Ignoring every picture, return the lines of the listing below word for word, from the line that holds "Wrap It Up Stick Em Up menu" through the line that holds "Artist's Depiction of X-38 Crew Lifeboat".

■ Given information
Content starts

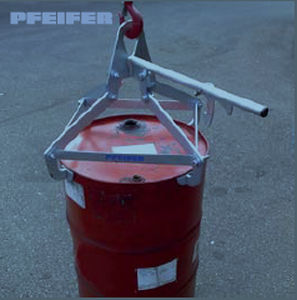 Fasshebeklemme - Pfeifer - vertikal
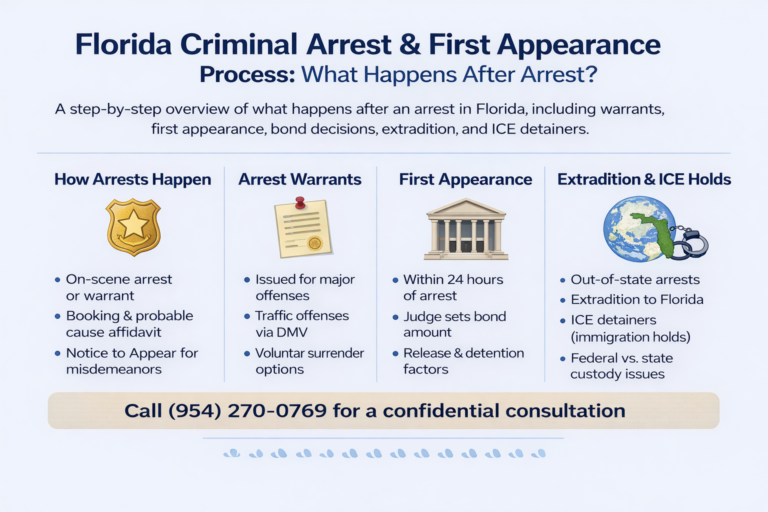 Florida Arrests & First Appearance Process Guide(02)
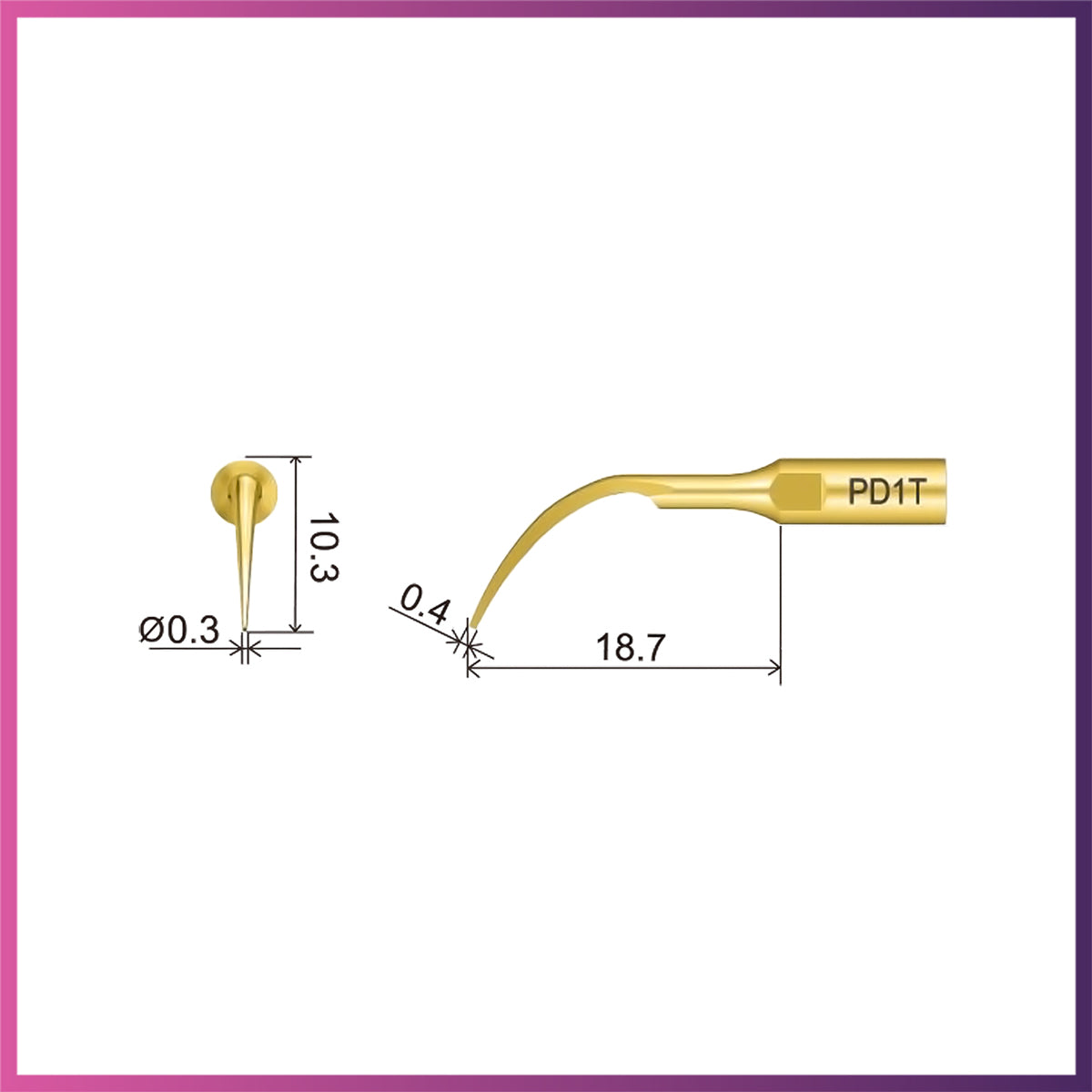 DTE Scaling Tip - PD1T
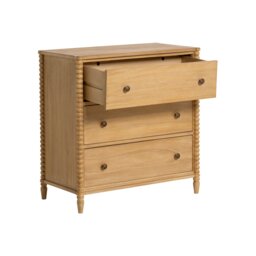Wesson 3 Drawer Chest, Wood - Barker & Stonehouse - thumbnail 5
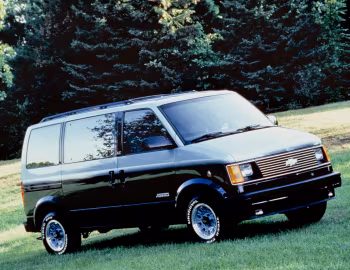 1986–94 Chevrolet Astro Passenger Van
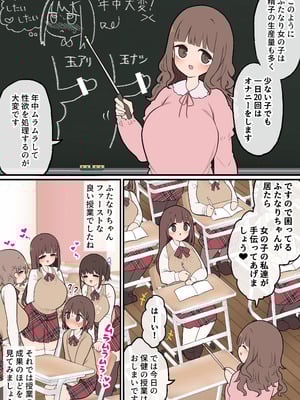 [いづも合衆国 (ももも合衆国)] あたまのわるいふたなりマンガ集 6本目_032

Content ends
Content starts

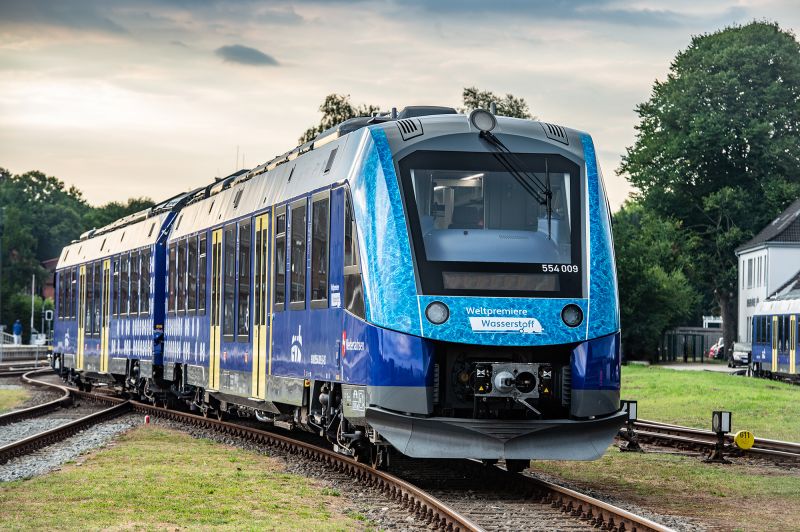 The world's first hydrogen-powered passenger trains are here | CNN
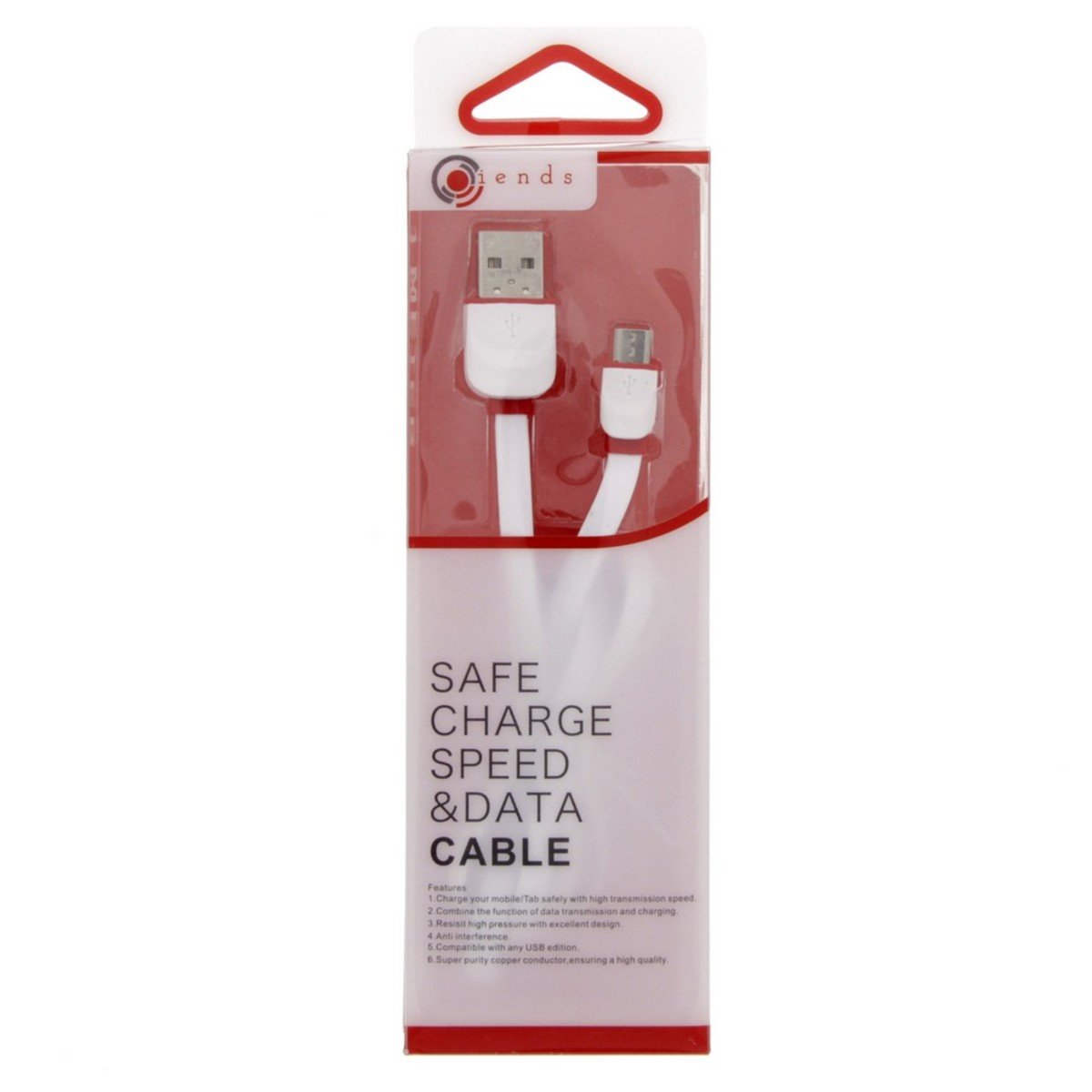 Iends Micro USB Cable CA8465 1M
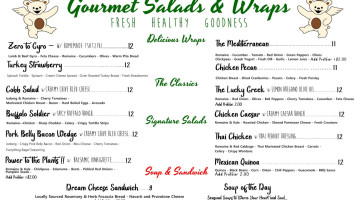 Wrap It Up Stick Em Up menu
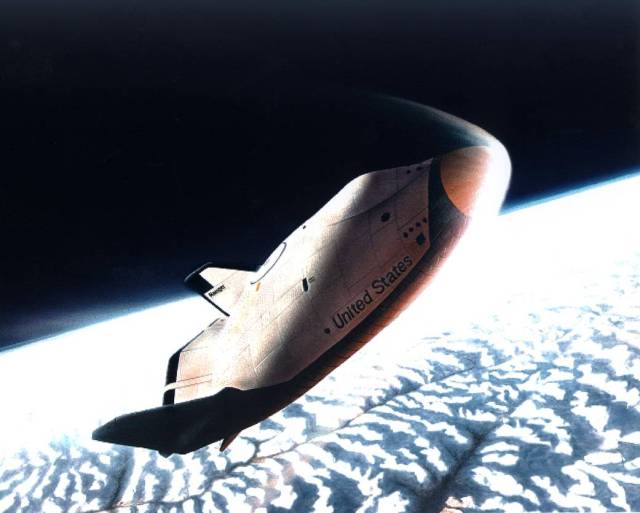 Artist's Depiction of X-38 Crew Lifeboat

Content ends

■ Task answer
 Wrap It Up Stick Em Up menu
 Artist's Depiction of X-38 Crew Lifeboat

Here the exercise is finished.